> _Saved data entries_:
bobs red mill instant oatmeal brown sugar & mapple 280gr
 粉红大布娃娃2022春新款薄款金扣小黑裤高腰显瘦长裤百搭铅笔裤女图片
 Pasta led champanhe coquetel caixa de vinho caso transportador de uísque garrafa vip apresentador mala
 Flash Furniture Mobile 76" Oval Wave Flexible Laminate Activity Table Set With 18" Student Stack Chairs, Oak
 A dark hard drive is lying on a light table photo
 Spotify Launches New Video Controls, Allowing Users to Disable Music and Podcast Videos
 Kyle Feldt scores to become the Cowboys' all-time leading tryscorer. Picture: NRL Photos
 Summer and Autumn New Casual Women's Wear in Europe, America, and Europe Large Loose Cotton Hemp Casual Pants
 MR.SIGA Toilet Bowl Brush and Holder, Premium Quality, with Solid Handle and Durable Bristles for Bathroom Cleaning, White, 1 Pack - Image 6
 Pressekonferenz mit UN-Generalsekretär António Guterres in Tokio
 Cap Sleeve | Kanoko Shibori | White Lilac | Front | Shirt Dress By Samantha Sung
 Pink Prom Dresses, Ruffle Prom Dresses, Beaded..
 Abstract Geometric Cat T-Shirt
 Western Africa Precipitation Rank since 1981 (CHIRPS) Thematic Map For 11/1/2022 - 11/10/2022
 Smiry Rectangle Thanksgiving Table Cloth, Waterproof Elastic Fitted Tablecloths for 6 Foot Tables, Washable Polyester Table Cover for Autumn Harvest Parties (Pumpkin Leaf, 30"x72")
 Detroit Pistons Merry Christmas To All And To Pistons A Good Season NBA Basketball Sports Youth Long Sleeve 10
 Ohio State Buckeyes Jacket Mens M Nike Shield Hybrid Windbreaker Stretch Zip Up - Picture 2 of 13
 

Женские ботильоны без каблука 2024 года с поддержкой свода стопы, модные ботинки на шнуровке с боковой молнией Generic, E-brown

> _Exercise prompt_:
Among the lines above, which hold the word "Picture"? Report each one.

> _Written response_:
 Kyle Feldt scores to become the Cowboys' all-time leading tryscorer. Picture: NRL Photos
 Ohio State Buckeyes Jacket Mens M Nike Shield Hybrid Windbreaker Stretch Zip Up - Picture 2 of 13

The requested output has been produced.